Charlie loved life, but not his death. He was 90 years old when he finally passed away on 11th October 2015, after 5 weeks in hospital. He was admitted for Acute congestive heart failure and hypoxia caused by 3 1/2 litres of fluid having collected on his lungs. In essence, he was dying when he was admitted, gasping for breath.
During his 5 weeks of hospitalization he had about 20 visits from his religious colleagues. They understood that his memory was so poor by this stage, probably caused by the prolonged hypoxia, that their visits were quickly forgotten by Charlie so they religiously kept coming back to see him to reassure him.
Whilst in hospital he decided 4 weeks prior to his passing that his life was complete and he knew that it was time to go. He had many reasons to justifiably come to that decision. As a diabetic who had had a quadruple coronary bypass 7 years previously he reckoned he had had a good innings. The consultants agreed that he was perfectly lucid and understood exactly what he wanted for himself as he repeatedly begged for a quick and painless means to depart this world. His Christian beliefs and committed life did not clash with his requests for a compassionate end. Although he appeared clinically depressed his life expectancy was deemed to be so short that anti-depressants would not have enough time to take effect.

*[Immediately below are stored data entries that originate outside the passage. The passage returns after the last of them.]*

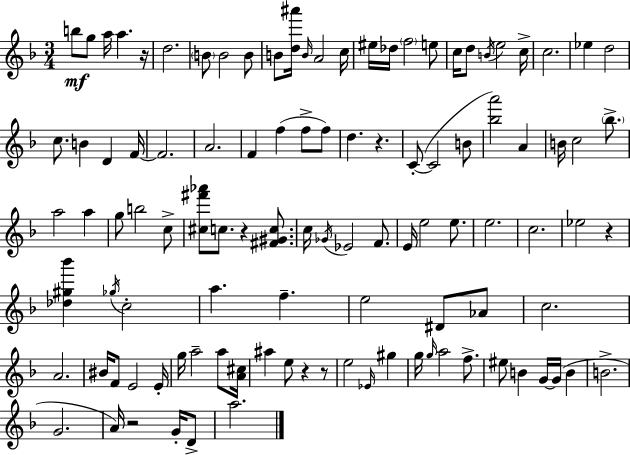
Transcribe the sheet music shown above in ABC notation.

X:1
T:Untitled
M:3/4
L:1/4
K:Dm
b/2 g/2 a/4 a z/4 d2 B/2 B2 B/2 B/2 [d^a']/4 B/4 A2 c/4 ^e/4 _d/4 f2 e/2 c/4 d/2 B/4 e2 c/4 c2 _e d2 c/2 B D F/4 F2 A2 F f f/2 f/2 d z C/2 C2 B/2 [_ba']2 A B/4 c2 _b/2 a2 a g/2 b2 c/2 [^c^f'_a']/2 c/2 z [^F^Gc]/2 c/4 _G/4 _E2 F/2 E/4 e2 e/2 e2 c2 _e2 z [_d^g_b'] _g/4 c2 a f e2 ^D/2 _A/2 c2 A2 ^B/4 F/2 E2 E/4 g/4 a2 a/2 [A^c]/4 ^a e/2 z z/2 e2 _E/4 ^g g/4 g/4 a2 f/2 ^e/2 B G/4 G/4 B B2 G2 A/4 z2 G/4 D/2 a2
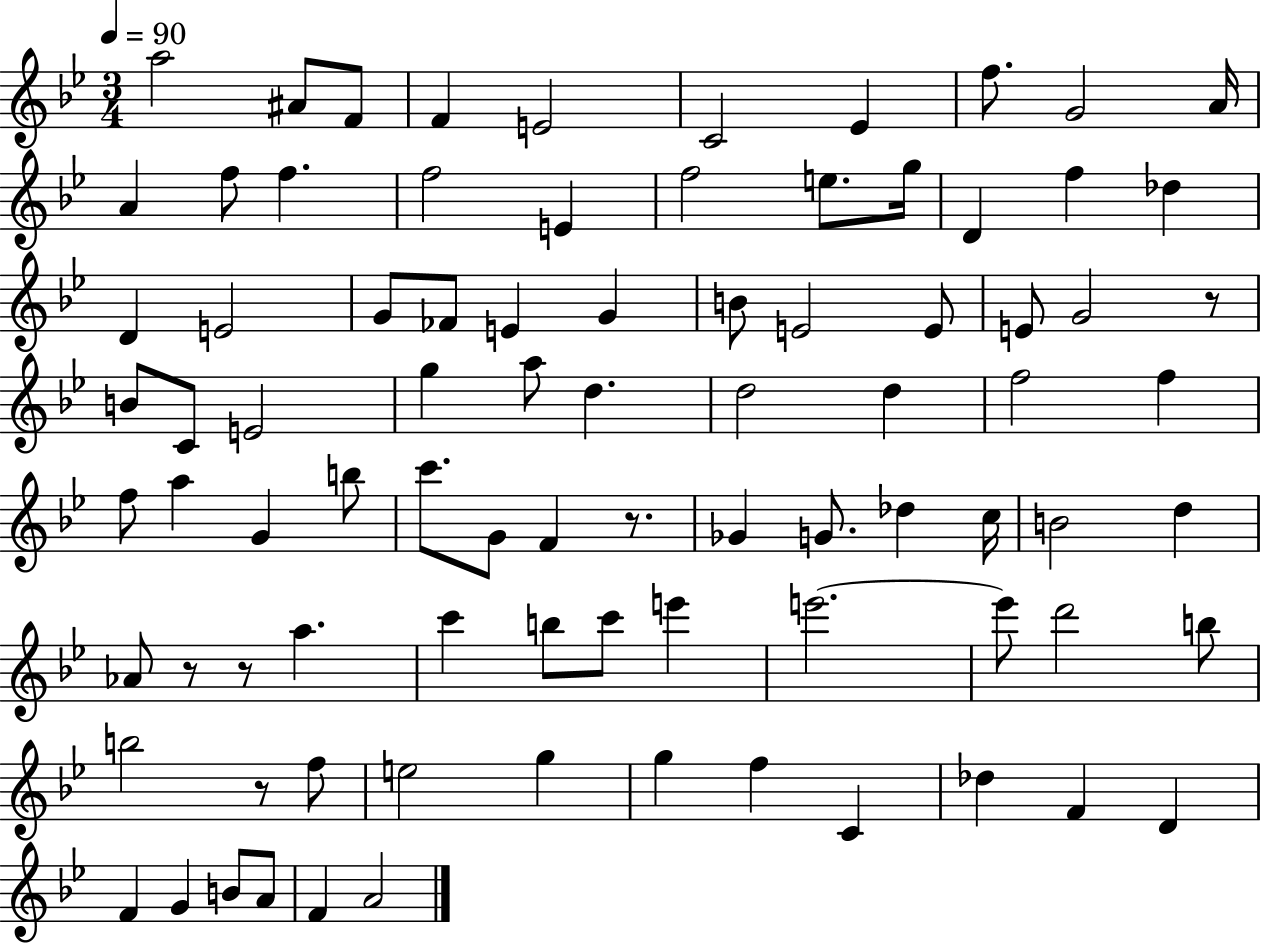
{
  \clef treble
  \numericTimeSignature
  \time 3/4
  \key bes \major
  \tempo 4 = 90
  a''2 ais'8 f'8 | f'4 e'2 | c'2 ees'4 | f''8. g'2 a'16 | \break a'4 f''8 f''4. | f''2 e'4 | f''2 e''8. g''16 | d'4 f''4 des''4 | \break d'4 e'2 | g'8 fes'8 e'4 g'4 | b'8 e'2 e'8 | e'8 g'2 r8 | \break b'8 c'8 e'2 | g''4 a''8 d''4. | d''2 d''4 | f''2 f''4 | \break f''8 a''4 g'4 b''8 | c'''8. g'8 f'4 r8. | ges'4 g'8. des''4 c''16 | b'2 d''4 | \break aes'8 r8 r8 a''4. | c'''4 b''8 c'''8 e'''4 | e'''2.~~ | e'''8 d'''2 b''8 | \break b''2 r8 f''8 | e''2 g''4 | g''4 f''4 c'4 | des''4 f'4 d'4 | \break f'4 g'4 b'8 a'8 | f'4 a'2 | \bar "|."
}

Had he been allowed, he could have had a beautiful assisted death in hospital surrounded by his loving family, but the law prohibits this in the UK. Instead he had to endure the added complications of a hospital induced urinary infection caused by MRSA; constipation and delirium; an inability to express himself clearly due to the loss of the relevant words; cardiac pains; loss of dignity; the unpleasantness of intra venous Gentamycin treatment with subsequent loss of appetite; difficulty then inability to swallow; exhaustion caused by sitting out of bed; discomfort in his legs and body in general; a dental abscess; nausea; a terrifying death.

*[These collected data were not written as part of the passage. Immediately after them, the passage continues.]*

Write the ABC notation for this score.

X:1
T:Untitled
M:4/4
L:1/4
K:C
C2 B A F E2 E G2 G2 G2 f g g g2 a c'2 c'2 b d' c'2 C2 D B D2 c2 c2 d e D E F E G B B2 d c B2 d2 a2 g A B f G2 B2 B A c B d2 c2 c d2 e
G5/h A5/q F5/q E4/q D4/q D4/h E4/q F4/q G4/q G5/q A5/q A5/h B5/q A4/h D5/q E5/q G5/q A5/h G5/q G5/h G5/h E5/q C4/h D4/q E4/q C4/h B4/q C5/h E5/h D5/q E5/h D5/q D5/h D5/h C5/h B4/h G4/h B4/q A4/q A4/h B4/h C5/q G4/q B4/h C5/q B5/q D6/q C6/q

Such was his unnecessary drawn out suffering that I felt compelled to record the details in a digital book for all to download. It is called ‘10/11’ and co-authored by myself Ruth Eyre-Pugh and my father.

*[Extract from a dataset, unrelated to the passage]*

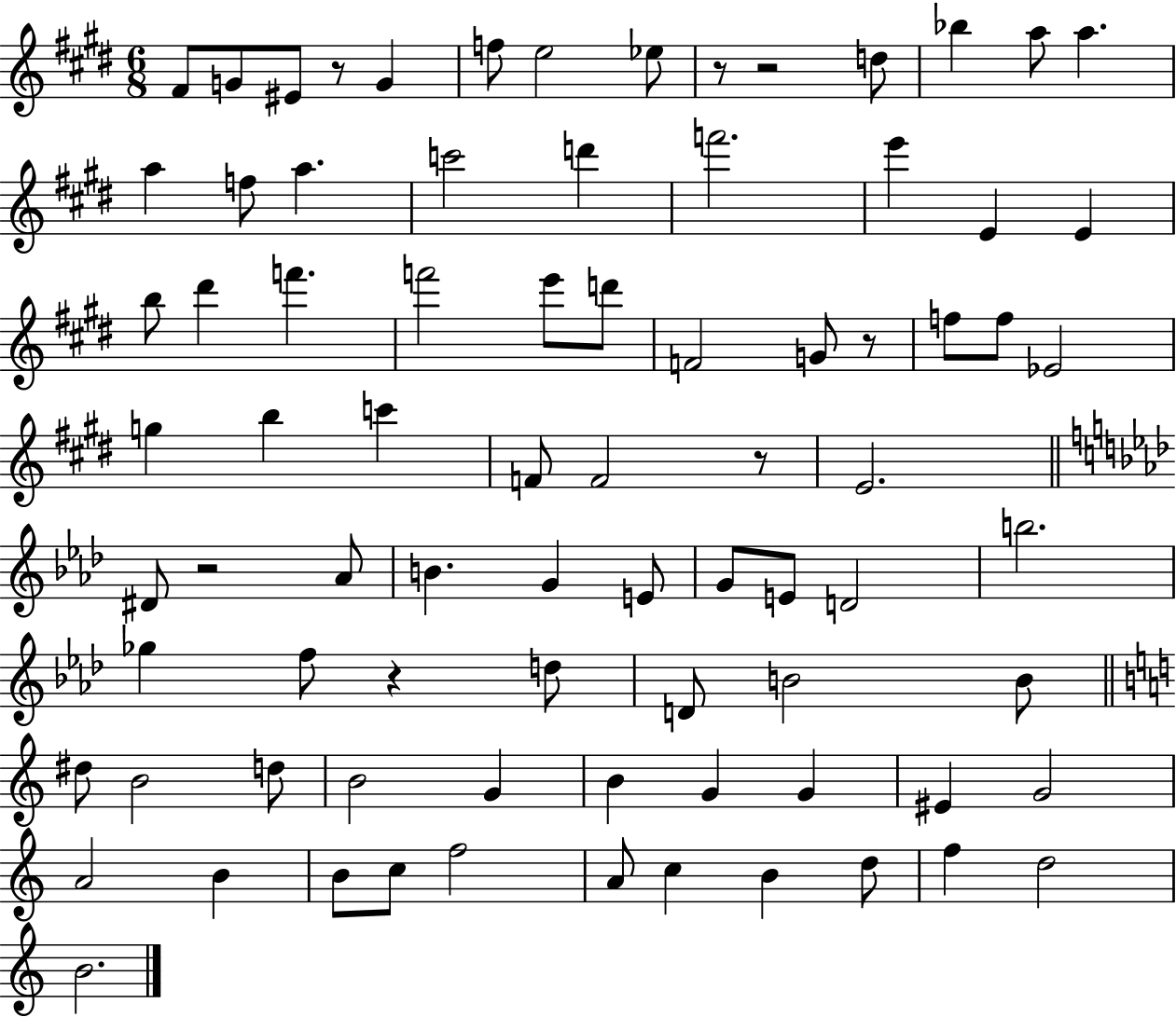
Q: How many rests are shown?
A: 7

Having worked as a veterinary surgeon, I know how the correct use of drugs can ease the passage from life to death. The clinical signs are those of a general anaesthetic being administered with pain free loss of consciousness. As humans, there would be no need to fear death if it was explained what to expect, if we ultimately had the choice to take this route. With sufficient safeguards in place no one would be allowed to be coerced into taking this path against their wishes.
Previously Daddy never once discussed any wish for an assisted death; until he needed it, in those last prolonged weeks. Perhaps his experiences as a religious minister with dying people emphasized how things go rapidly downhill towards the end. A good friend of his who had throat cancer, had recently passed away after many unpleasant months. Dad frequently mentioned this to his doctors who thought dad was just grieving for his lost friend rather than hearing him in actual fact shouting, “Help me die!”